If I'm identifying the cage correctly its sold as a hamster cage? It looks good enough for them now, but when they grow up its going to be to small, I think. I've only had boys and I know girls are smaller but I don't think their that much smaller. I cant imagine them fitting in that nesting box or on that wheel much longer, that is if they do now. 

Another issue, the cage is tall and the bottom doesn't look very weighted, Id be careful about a little girl on the top floor leaning against the bars, it wouldn't take much for her to knock the cage over. In the picture it looks like you still have the wire grate in the bottom? That should be nixed asap. And what bedding are you using? 

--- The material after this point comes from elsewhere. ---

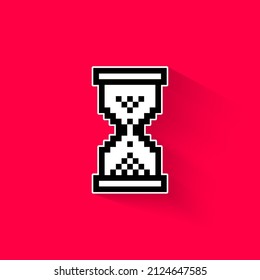 Sand Glass Pixel Clock Icon . Vector illustration. Hourglass pixel icon isolated, 8bit graphic element. Simplistic hourglass sign, endless time idea.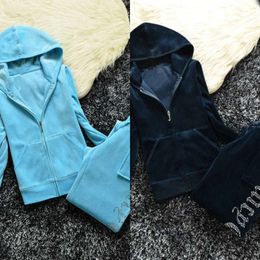 Juicy Tracksuit Women Velvet 2023's Brand Velor Sewing Suit Track Hoodies and Pants Sets Nieuwe high -end 88es S 48305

This is all just my opinion, I'm not an expert and I'm not tryin' to attack you :-D

your rats are cute! how old are they and what are their names?


----------



## PrincessPeep (Aug 19, 2007)

no it said rat cage  I thought it would be too small but I wasn't there when it was bought. Okay, I'll take thought off  Ahh. Alright, I'll have to get a bigger one then. I'm using aspen shavings but thinking of switching to fleee. Can you tell me why I should take off the bottom just so I can know? Hey, you're being perfectly nice, thanks <3
They're almost three months old and their names are Princess Peep and Splinter. Splinter is the black one and Peep is the hooded one. =D


----------



## Forensic (Apr 12, 2007)

The wire grating can be difficult to clean, trapping urine and bacteria, which can cause infections. Not to mention it can't be that comfortable to walk on.


----------



## PrincessPeep (Aug 19, 2007)

kayy thanks  How much bigger does it need to be? What if i bought another one and took off the side, and put them together? And put those lovely pebbles in the bottom too make it heavier and then just put lots of bedding overtop? thanks again =D


----------



## Forensic (Apr 12, 2007)

You can use the Cage calculator to determine if a given cage is big enough. Remember to set it into inches


----------



## Mana (Apr 22, 2007)

A lot of cages that are actually meant for animals like hamsters and mice are also labeled for rats - like people think because mice and rats look similar, they must be a similar size. I see that a lot on ebay and craigslist.


----------



## jellybeanqueen (Sep 6, 2007)

your ratties are adorable~ <3
they're similar in age to my rats, who are also girls. :]
and even your cage is kinda like mine..it seems we both have to get bigger cages soon. 
but good cages are kinda hard to find in pet stores..and even on craigslist. oh well, i'll figure something out!
best of luck in cage hunting!


----------



## PrincessPeep (Aug 19, 2007)

aweee nice <3 I bet they are just darling. Thanks everyone =D


----------



## giddy4ratz (Sep 14, 2007)

Yay nice cage. But they will outgrow that one very quickly. Better work on a bigger and better one for them!


----------



## PrincessPeep (Aug 19, 2007)

so wait, if I buy another like that and take the side out of each will it be ok? or am I better off buying a completely new one?


----------



## twilight (Apr 20, 2007)

Nope, It will not. According to the rat calculator, It can fit one rat. BUT...it says the cage's depth is to small for one rat. So technically its to small to house a rat comfortably. Even if you add another that doesn't change the depth size of the change.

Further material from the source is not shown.